Python — asyncio + httpx
import asyncio
import httpx
API_KEY = "nmb_..."
URL = "https://api.getnimbus.net/v1/infer"
PAYLOADS = [{"prompt": f"batch-{i}"} for i in range(500)]
async def infer(client: httpx.AsyncClient, payload: dict) -> dict:
resp = await client.post(
URL,
json=payload,
headers={"Authorization": f"Bearer {API_KEY}"},
timeout=30.0,
)
resp.raise_for_status()
return resp.json()
async def main():
limits = httpx.Limits(max_connections=50, max_keepalive_connections=20)
async with httpx.AsyncClient(limits=limits) as client:
tasks = [infer(client, p) for p in PAYLOADS]
results = await asyncio.gather(*tasks, return_exceptions=True)
for i, r in enumerate(results):
if isinstance(r, Exception):
print(f"[{i}] FAIL: {r}")
asyncio.run(main())Tune max_connections to match your tier’s concurrency limit. Use return_exceptions=True so one failure doesn’t cancel the whole batch.
TypeScript — Promise.all
const API_KEY = "nmb_...";
const URL = "https://api.getnimbus.net/v1/infer";
const payloads = Array.from({ length: 500 }, (_, i) => ({
prompt: `batch-${i}`,
}));
async function infer(payload: { prompt: string }) {
const res = await fetch(URL, {
method: "POST",
headers: {
Authorization: `Bearer ${API_KEY}`,
"Content-Type": "application/json",
},
body: JSON.stringify(payload),
signal: AbortSignal.timeout(30_000),
});
if (!res.ok) throw new Error(`HTTP ${res.status}`);
return res.json();
}
const results = await Promise.allSettled(
payloads.map((p) => infer(p))
);
results.forEach((r, i) => {
if (r.status === "rejected") console.error(`[${i}] FAIL`, r.reason);
});Promise.allSettled prevents a single rejection from aborting the entire batch. Use AbortSignal.timeout to cap hanging requests.
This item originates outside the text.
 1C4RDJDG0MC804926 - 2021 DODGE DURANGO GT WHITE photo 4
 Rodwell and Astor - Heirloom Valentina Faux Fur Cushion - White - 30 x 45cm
Rate limits & retry strategy
Watch the headers
Every response includes X-RateLimit-Remaining and Retry-After. When remaining hits zero, pause the entire batch for the indicated duration before resuming.
Exponential backoff
For transient 429 or 5xx errors, retry with jitter: wait min(2^n + rand(0,1), 60) seconds. Cap at 3 retries per payload. This keeps the batch moving without hammering the API.
Concurrency ceiling
Free tier: 10 concurrent requests. Pro: 50. Enterprise: 200. Exceeding your ceiling triggers 429s immediately. Use a semaphore (Python asyncio.Semaphore or a p-limit library in TS) to cap in-flight requests at your tier’s limit regardless of batch size.